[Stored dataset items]

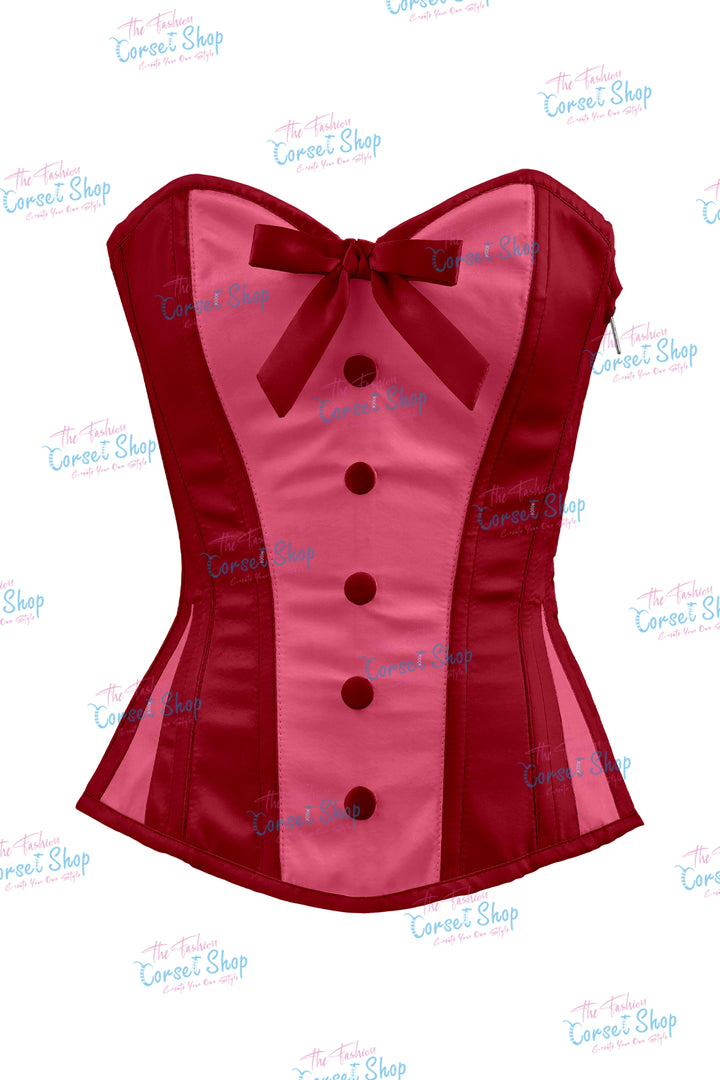 Sheryl Satin Steel Boned Overbust Corset With Bow
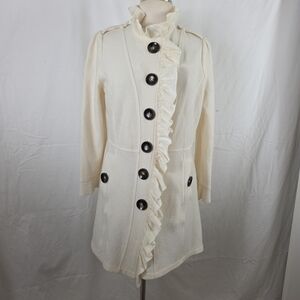 Patty Kim 100% Wool Jacket Coat Beige Ivory Womens Medium Boho Whimsy Victorian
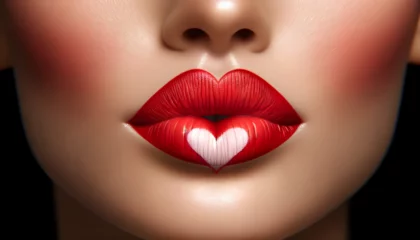 Fotobehang A makeup concept of a Valentine's Heart Kiss on the Lips. The image features beauty, and sexy lips with heart shape paint, symbolizing love  © Lukasz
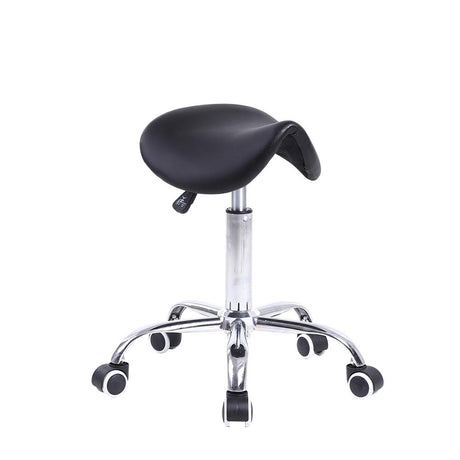 KKTONER Rolling Saddle Stool PU Leather Swivel Adjustable Rolling Stool with Wheels Salon Chair Black KKTONER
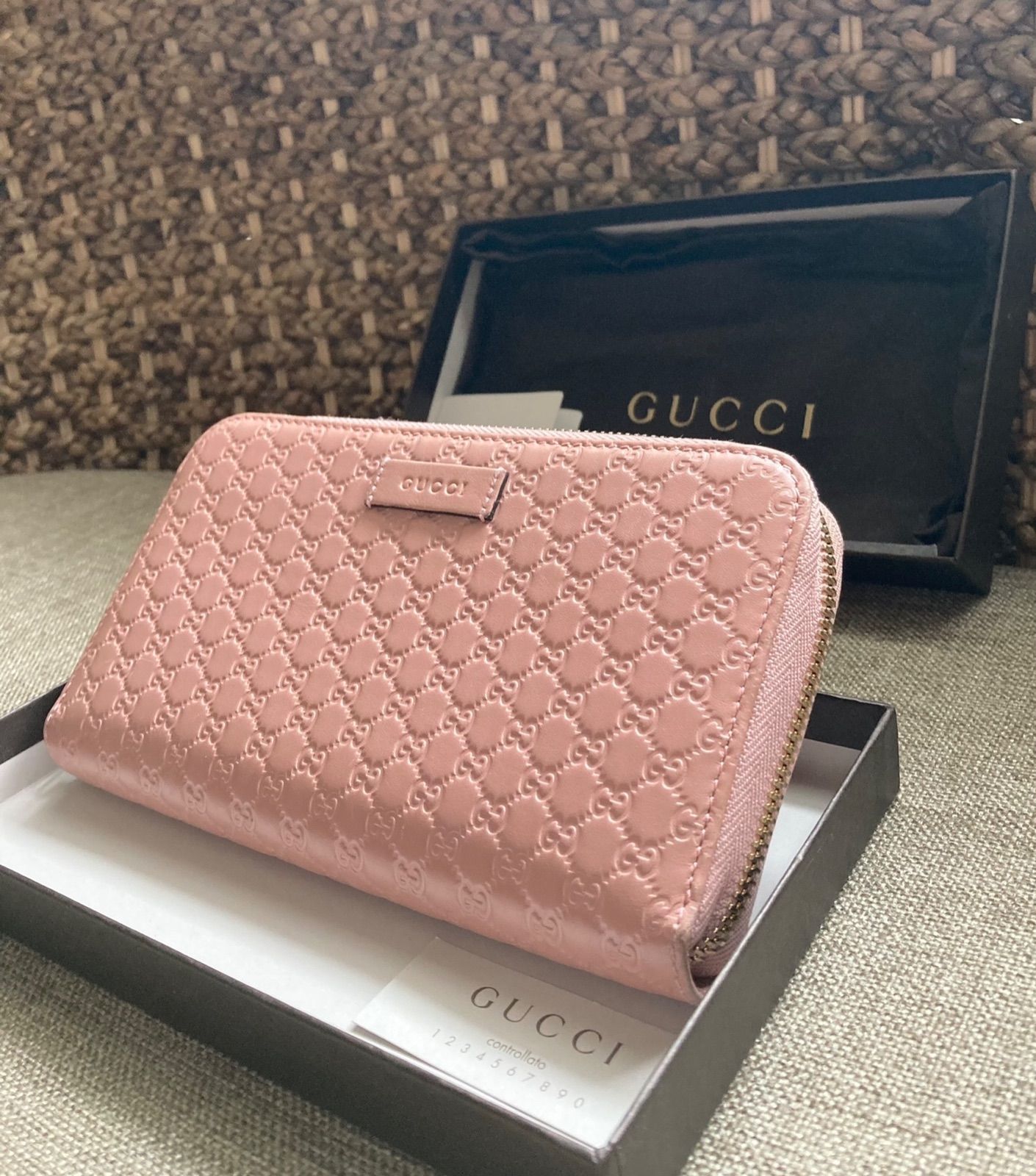 本物・超美品】GUCCI グッチ マイクロ シマ ラウンドジップ 長財布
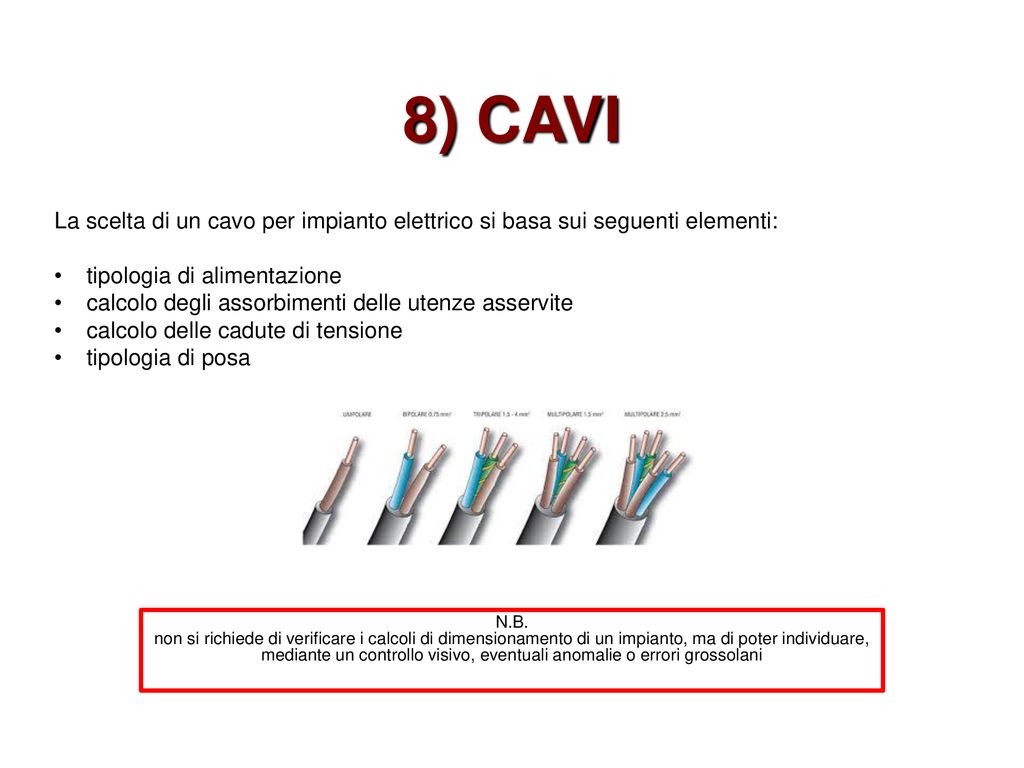 8) CAVI La scelta di un cavo per impianto elettrico si basa sui seguenti elementi: tipologia di alimentazione.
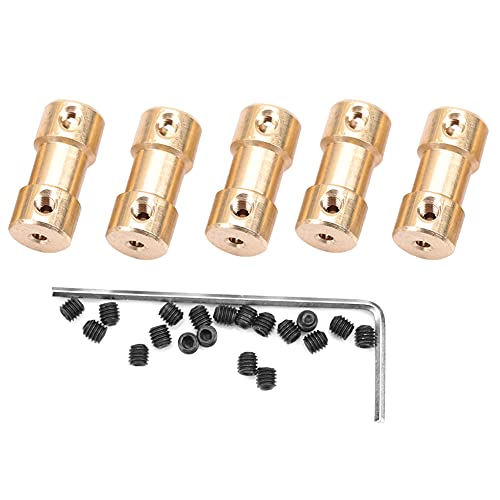 5 Stück Motor Kupfer Wellenkupplung Kupplungsverbinder Hülse Transfergelenkadapter Vernickeltes Eisen für Modellschiffe Roboter(3mm-4mm) von Garosa
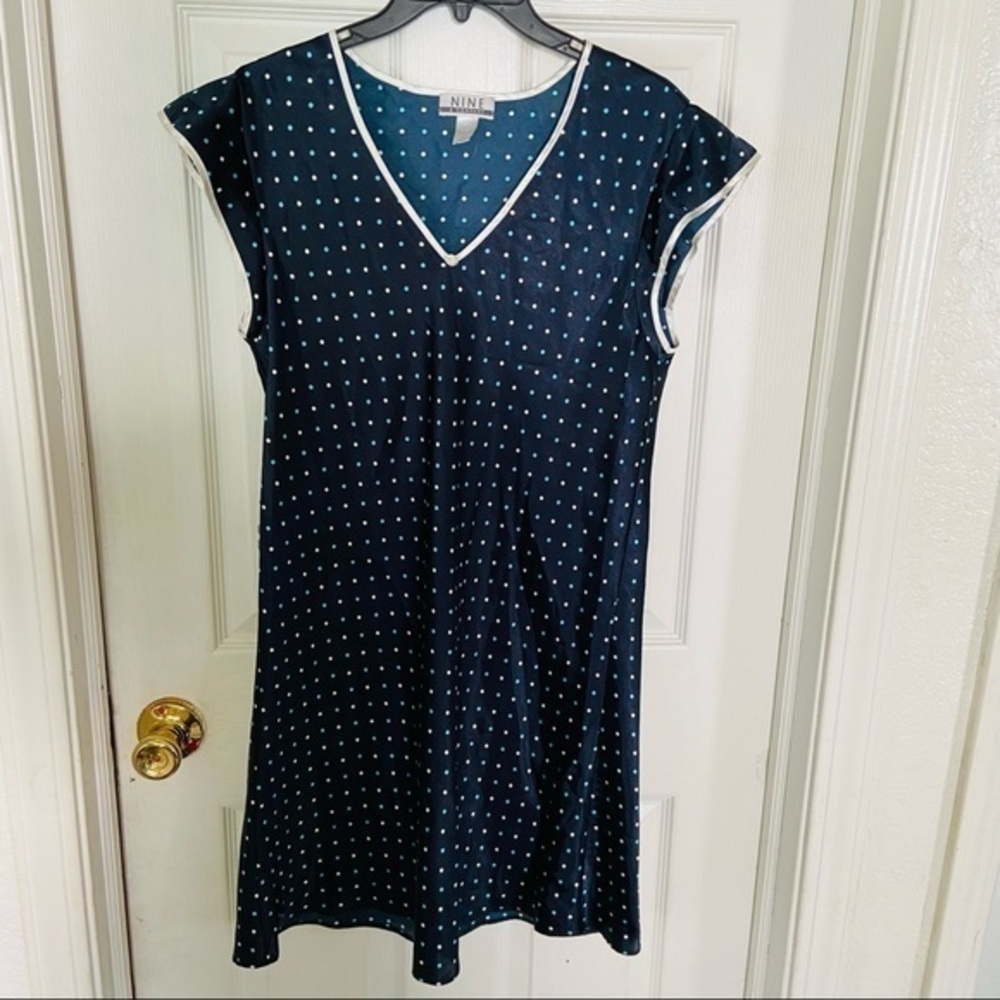 Y2K Navy blue silky satin polkadot mini slip dress / pajamas size Medium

ABOUT THIS TASK:
All that is needed is an exact copy of the lines from the top of the entries through the line containing "Fotobehang A makeup", pictures left out.

RESPONSE TO THIS TASK:
 Sheryl Satin Steel Boned Overbust Corset With Bow
 Patty Kim 100% Wool Jacket Coat Beige Ivory Womens Medium Boho Whimsy Victorian
 Fotobehang A makeup concept of a Valentine's Heart Kiss on the Lips. The image features beauty, and sexy lips with heart shape paint, symbolizing love  © Lukasz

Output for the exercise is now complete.